Below, some lines carry pictures; leave those pictures out and retype exactly the lines from the one with "Floral Christian Glass" through the one with "Sneakers da donna".
START Records for processing
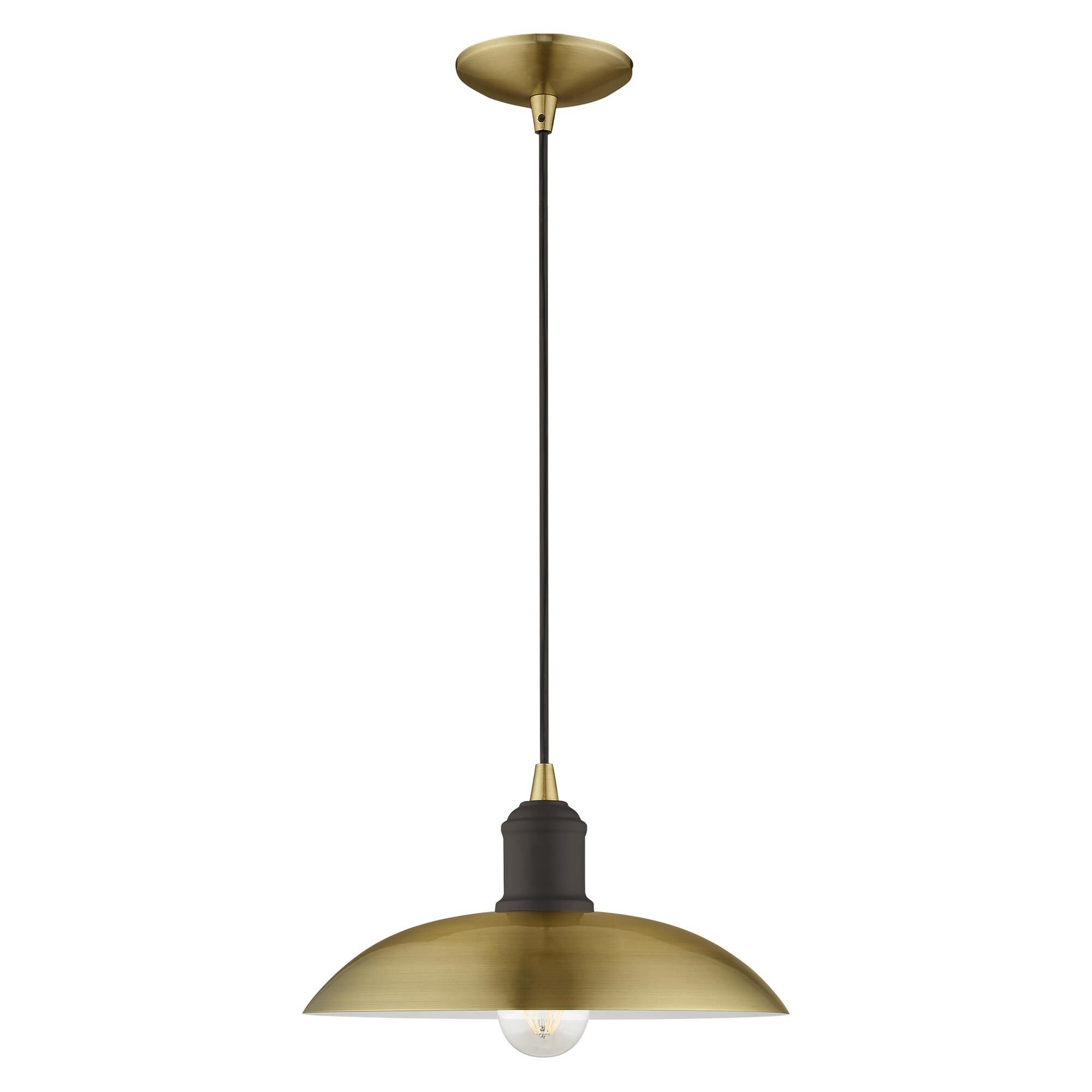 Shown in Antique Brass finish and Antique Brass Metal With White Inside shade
END Records for processing
START Records for processing
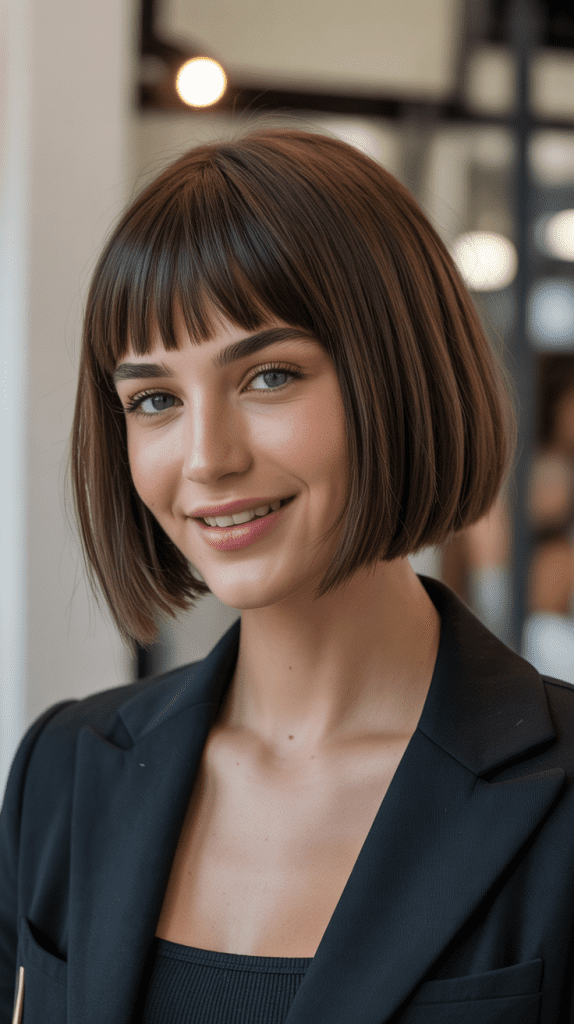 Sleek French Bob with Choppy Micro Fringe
END Records for processing
START Records for processing
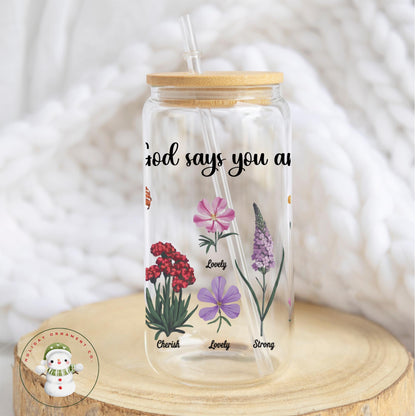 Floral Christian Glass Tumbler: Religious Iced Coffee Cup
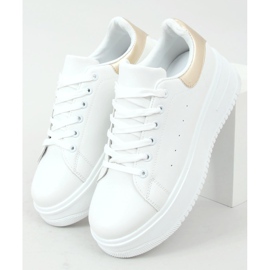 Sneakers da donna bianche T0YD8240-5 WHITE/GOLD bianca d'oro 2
END Records for processing
Solution below:
 Floral Christian Glass Tumbler: Religious Iced Coffee Cup
 Sneakers da donna bianche T0YD8240-5 WHITE/GOLD bianca d'oro 2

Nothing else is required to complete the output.